Your goal
Shown below are entries with pictures; the line with "Administración Distrital entregará" through the line with "Used 2024 Nissan" is the span to retype exactly, and the pictures stay out.

Records to use

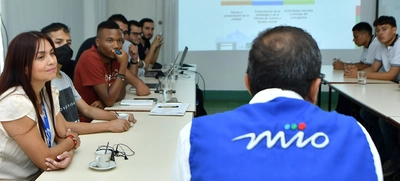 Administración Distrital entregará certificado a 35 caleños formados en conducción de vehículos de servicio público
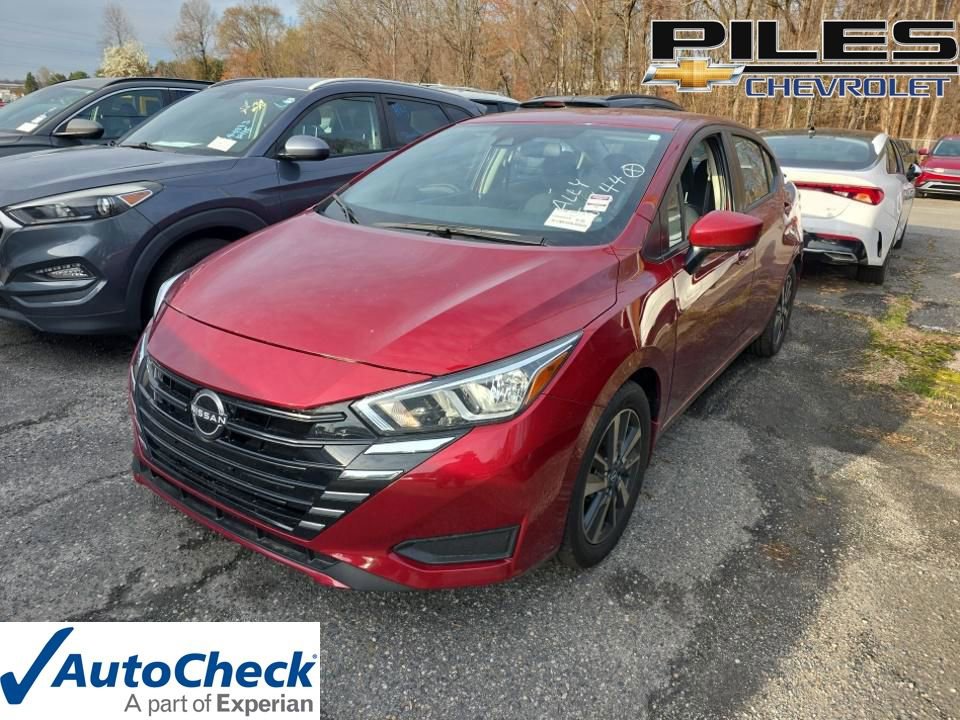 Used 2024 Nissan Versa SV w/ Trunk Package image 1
* * *
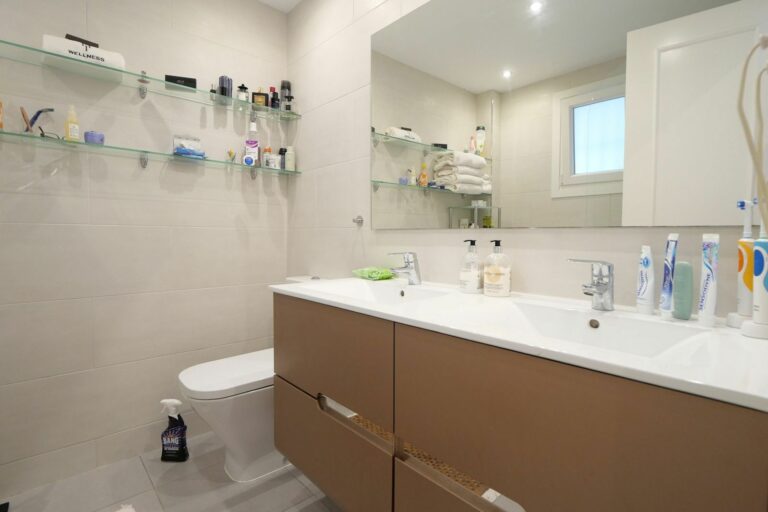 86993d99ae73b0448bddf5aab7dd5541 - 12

Answer
 Administración Distrital entregará certificado a 35 caleños formados en conducción de vehículos de servicio público
 Used 2024 Nissan Versa SV w/ Trunk Package image 1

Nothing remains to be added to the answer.